The fifteen minute novel writing experiment is a attempt to write a complete (and very rough) draft of a novel by writing for fifteen minutes each day. I have taken a timed writing from one of the daily prompts done in 2021, cleaned it up a little and used it as my jumping off point into a story. Each day I will take the last line of the story written the day before and use it as my sentence starter and write for fifteen minutes, growing the story as the year progresses.
Day 30: “I believe the matron has several maps in the library,” she said. “Perhaps she will let you look. We can ask her after supper.”
“I believe the matron has several maps in the library,” she said. “Perhaps she will let you look. We can ask her after supper.”
Anya nodded. “That would be nice. And hopefully when I leave I can take a more direct route for wherever it is that I go.”
“Always a good plan,” The older woman said. They all returned to their work and spent a companionable afternoon, working and chatting about nothing. In truth Anya was mostly quiet as she listened to the others.
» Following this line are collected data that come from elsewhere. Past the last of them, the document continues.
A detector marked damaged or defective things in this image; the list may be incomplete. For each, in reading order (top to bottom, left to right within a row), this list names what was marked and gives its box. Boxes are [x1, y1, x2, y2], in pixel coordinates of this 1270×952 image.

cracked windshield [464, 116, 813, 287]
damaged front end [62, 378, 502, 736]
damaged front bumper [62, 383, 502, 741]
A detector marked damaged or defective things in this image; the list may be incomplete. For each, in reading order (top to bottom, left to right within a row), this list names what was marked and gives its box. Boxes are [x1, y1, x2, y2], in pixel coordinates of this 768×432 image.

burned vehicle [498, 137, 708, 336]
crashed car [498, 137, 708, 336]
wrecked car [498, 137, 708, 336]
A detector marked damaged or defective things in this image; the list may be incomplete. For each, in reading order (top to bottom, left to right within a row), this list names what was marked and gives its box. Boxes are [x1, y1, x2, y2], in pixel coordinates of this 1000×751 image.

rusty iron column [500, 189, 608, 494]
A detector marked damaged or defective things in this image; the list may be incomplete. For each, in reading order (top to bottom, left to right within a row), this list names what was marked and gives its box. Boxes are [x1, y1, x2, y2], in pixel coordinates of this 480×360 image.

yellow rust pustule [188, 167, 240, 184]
Most of the talk was of the older woman gently correcting the stich work of the younger. Inside Anya felt tremors of worry about both the laundry and the maps. She knew that at this point she could do nothing to prevent the women seeing the differences in her garments, but she didn’t want to point out Tyrin to the others if she didn’t have to.
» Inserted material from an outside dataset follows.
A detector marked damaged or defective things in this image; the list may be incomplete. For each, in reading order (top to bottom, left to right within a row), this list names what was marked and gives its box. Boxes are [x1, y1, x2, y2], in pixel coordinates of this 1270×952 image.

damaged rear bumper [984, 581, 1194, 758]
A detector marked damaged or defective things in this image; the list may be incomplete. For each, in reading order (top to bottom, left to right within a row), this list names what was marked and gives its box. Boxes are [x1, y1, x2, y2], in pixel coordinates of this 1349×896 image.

It was a sign that pointed her out to those who might come looking. ‘We’re looking for a girl from Tyrin,’ seemed like a plausible way to start a search.
She kept the worry locked in her belly and as a result didn’t feel at all hungry when the others told her it was time for dinner. She gathered her things and put them in her basket. They each returned to their separate spaces to drop off their work before going down to dinner. As Anya went up to the room she was assigned, she ran into one of the women she recognized from the laundry. Her heard nearly did somersaults when she saw the cloth draped over the woman’s arm.
“Hello, I was about to go looking for you,” she said. “The matron had a good look at your clothes and decided that it would soon be too cold here for them and suggested we bring something warmer from storage. So I have your things, cleaned and repaired of course and something a bit warmer for when the weather turns.”
“Right,” Anya said. She took the garments that the woman handed her, draping them over her arm so she could continue to carry her basket as well as leave a hand free to open the door. “I forgot the weather change,” Anya said. “Thank you and thank the Matron for me.”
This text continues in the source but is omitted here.